API method: /gtable-xxxx/nextPart

Specification

Returns a part ID. Any two calls to nextPart on the same table are guaranteed to return different part IDs. You can therefore use this route to obtain unique part IDs.

Note that nextPart does not check that the part ID that it returns has not previously been written (nor does it protect against someone else writing that part). Therefore it is not, in general, safe to use part IDs obtained via nextPart if, for any addRows call, you supplied a part ID that was NOT obtained via nextPart.

Inputs

  • None

Outputs

  • part int A part ID (integer from 1..250000)

Errors

  • ResourceNotFound (the specified object does not exist)
  • PermissionDenied (UPLOAD access required)
  • InvalidState (the GenomicTable object is not in the “open” state, or 250,000 parts have already been allocated).

API method: /gtable-xxxx/addRows

Specification

Adds rows to a GenomicTable. To enable parallelism and robustness, DNAnexus follows an approach where row addition is done in parts. This method receives a part ID, as well as an array of rows corresponding to that part. When the GenomicTable is closed, parts are concatenated according to their part IDs.

If this method has not been called by the time the “close” method is called, the resulting GenomicTable will be empty.

Unlike file objects, for which a separate URL is provided for data upload, calling “addRows” on a GenomicTable object requires supplying the row data with the call (in the “data” input field). If the client aborts during the HTTP request, the partially transmitted data are discarded. If the HTTP request is completed successfully, the rows are added to the GenomicTable, unless another request has been already completed for the same part ID, in which case the system responds with InvalidInput.
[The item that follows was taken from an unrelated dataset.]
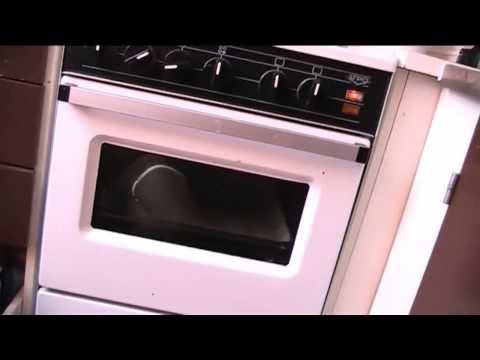 Ruuanlaitto puuhissa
In other words, if this method is called multiple times for the same part ID, only the first successful request will matter. The system keeps track of successfully added parts, and this information is returned by the “describe” method.

The data given to this method need to correspond to the GenomicTable columns.

Inputs

  • part int (optional, default 1) Part ID that is being uploaded in this call
  • data array of arrays List of rows to be added. Each row is an array consisting of values that correspond to the GenomicTable columns. Since all the input is given in JSON, values for columns of type “string” need to be strings, values for columns of type "boolean" need to be booleans, and values for columns of all other types need to be numbers.

Outputs

  • id string ID of the manipulated object (i.e. the string “gtable-xxxx”)
Errors
  • ResourceNotFound (the specified object does not exist)
  • PermissionDenied (UPLOAD access required)
  • InvalidInput (the input is not a hash, or the key part (if provided) is not an integer in 1-250000, or a part with that ID has already been uploaded, or data is missing, or is not an array, or its members (rows) are not arrays, or at least one member (row) is invalid [does not have the correct count and type of values])
  • InvalidState (the GenomicTable object is not in the “open” state)
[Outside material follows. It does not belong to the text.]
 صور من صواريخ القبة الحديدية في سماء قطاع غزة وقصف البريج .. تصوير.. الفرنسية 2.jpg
API method: /gtable-xxxx/describe

Specification

Describes a GenomicTable object (see also /record-xxxx/describe). Returns, among others, the column and index descriptors, as well as the state of the GenomicTable object. If the GenomicTable object is in the “closing” or “closed” states, the length (in number of rows) is reported as well. If the GenomicTable object is in the “open” state, the response contains a “parts” key, whose value is a hash describing the parts that have been successfully added. Only parts for which the “addRows” method has been successfully called (i.e. the request has been performed and a successful response has been issued) are present in the hash. For each part, the length of the part (in number of rows) is reported.

Alternatively, you can use the /system/describeDataObjects method to describe a large number of data objects at once.

Inputs

  • project string (optional) Project or container ID to be used as a hint for finding the object in an accessible project
  • defaultFields boolean (optional, default false if fields is supplied, true otherwise) whether to include the default set of fields in the output (the default fields are described in the "Outputs" section below). The selections are overridden by any fields explicitly named in fields.
  • fields mapping (optional) include or exclude the specified fields from the output. These selections override the settings in defaultFields.
    • key Desired output field; see the "Outputs" section below for valid values here
    • value boolean whether to include the field

The following options are deprecated (and will not be respected if fields is present):

  • properties boolean (optional, default false) Whether the properties should be returned
  • details boolean (optional, default false) Whether the details should also be returned

Outputs

  • id string The object ID (i.e. the string "gtable-xxxx")

The following fields are included by default (but can be disabled using fields or defaultFields):

  • project string ID of the project or container in which the object was found
  • class string The value "gtable"
  • types array of strings Types associated with the object
  • created timestamp Time at which this object was created
  • state string The value "open", "closing", or "closed"
  • hidden boolean Whether the object is hidden or not
  • links array of strings The object IDs that are pointed to from this object
  • name string The name of the object
  • folder string The full path to the folder containing the object
  • sponsored boolean Whether the object is sponsored by DNAnexus
  • tags array of strings Tags associated with the object
  • modified timestamp Time at which the user-provided metadata of the object was last modified
  • createdBy mapping How the object was created
    • user string ID of the user who created the object or launched an execution which created the object
    • job string present if a job created the object ID of the job that created the object
    • executable string present if a job created the object ID of the app or applet that the job was running
  • columns array of mappings List of column descriptors representing the columns of the GenomicTable. The special column “__id__” of type int64 precedes all other columns.
  • indices array of mappings (present if applicable) List of index descriptors as provided in the indices field of the “new” method. The primary index, if it exists, appears in the first position. The order of the remaining indices, if any, is unspecified.
  • size int The size (in bytes) of the GenomicTable; this is updated as rows are added

The following field (included by default) is available if the object is in the "open" state:

  • parts mapping Information on the parts that have been uploaded
    • key Part ID that was provided to a successful “addRows” call
    • value mapping Mapping with key/values:
      • length int The length (in rows) of the part

The following field (included by default) is available if the object is in the "closing" or "closed" state:

  • length int The length (in rows) of the GenomicTable

The following field (included by default) is available if the object is sponsored by a third party:

  • sponsoredUntil timestamp Indicates the expiration time of data sponsorship (this field is only set if the object is currently sponsored, and if set, the specified time is always in the future)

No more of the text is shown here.